* PROBLEM DETAILS: Print exactly what the entries say, line by line, from the first line down to the one with "Annie online show from December 4, 2:14 am", inclusive.

=====

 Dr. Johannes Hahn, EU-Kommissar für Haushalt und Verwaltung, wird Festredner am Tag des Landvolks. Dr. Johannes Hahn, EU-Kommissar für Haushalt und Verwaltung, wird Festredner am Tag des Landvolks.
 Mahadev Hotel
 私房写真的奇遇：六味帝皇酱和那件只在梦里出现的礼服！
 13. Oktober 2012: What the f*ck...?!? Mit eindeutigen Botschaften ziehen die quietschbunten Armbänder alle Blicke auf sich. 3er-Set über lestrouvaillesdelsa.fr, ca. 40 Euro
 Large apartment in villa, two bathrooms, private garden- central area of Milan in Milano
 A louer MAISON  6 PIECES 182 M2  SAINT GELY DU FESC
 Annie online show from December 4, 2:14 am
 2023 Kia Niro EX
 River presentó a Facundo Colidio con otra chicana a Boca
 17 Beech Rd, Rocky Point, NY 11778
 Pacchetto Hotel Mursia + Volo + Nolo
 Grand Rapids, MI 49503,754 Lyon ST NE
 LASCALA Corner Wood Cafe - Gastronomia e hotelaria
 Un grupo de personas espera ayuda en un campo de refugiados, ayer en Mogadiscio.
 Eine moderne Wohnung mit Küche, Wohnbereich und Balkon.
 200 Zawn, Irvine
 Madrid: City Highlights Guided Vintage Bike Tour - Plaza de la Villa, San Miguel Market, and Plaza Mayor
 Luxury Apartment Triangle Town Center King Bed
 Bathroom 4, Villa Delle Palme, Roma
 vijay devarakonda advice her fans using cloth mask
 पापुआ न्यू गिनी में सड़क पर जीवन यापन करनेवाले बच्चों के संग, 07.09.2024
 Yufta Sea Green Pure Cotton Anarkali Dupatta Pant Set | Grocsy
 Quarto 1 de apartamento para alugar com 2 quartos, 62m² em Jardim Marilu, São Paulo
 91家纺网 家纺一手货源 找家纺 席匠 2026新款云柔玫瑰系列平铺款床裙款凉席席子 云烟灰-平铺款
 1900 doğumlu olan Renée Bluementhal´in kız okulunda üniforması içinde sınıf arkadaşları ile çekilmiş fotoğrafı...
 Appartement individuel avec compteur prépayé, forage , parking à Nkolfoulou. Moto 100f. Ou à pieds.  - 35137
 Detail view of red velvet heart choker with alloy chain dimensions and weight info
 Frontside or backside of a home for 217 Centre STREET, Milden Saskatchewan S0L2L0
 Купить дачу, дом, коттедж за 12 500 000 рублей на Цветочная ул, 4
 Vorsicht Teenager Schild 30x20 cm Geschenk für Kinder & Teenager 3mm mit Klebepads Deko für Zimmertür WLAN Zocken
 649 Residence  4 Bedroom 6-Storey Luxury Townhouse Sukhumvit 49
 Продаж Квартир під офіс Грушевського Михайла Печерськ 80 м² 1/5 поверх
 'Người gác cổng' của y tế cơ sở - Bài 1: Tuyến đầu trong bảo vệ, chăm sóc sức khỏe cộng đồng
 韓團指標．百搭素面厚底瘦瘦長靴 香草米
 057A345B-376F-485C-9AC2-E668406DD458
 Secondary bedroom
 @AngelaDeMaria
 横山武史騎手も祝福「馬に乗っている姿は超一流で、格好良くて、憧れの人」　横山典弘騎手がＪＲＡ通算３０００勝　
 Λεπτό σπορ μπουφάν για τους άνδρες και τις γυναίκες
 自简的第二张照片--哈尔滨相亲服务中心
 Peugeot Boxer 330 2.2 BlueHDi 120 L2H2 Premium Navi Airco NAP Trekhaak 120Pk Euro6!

=====

* ANSWER SECTION:
 Dr. Johannes Hahn, EU-Kommissar für Haushalt und Verwaltung, wird Festredner am Tag des Landvolks. Dr. Johannes Hahn, EU-Kommissar für Haushalt und Verwaltung, wird Festredner am Tag des Landvolks.
 Mahadev Hotel
 私房写真的奇遇：六味帝皇酱和那件只在梦里出现的礼服！
 13. Oktober 2012: What the f*ck...?!? Mit eindeutigen Botschaften ziehen die quietschbunten Armbänder alle Blicke auf sich. 3er-Set über lestrouvaillesdelsa.fr, ca. 40 Euro
 Large apartment in villa, two bathrooms, private garden- central area of Milan in Milano
 A louer MAISON  6 PIECES 182 M2  SAINT GELY DU FESC
 Annie online show from December 4, 2:14 am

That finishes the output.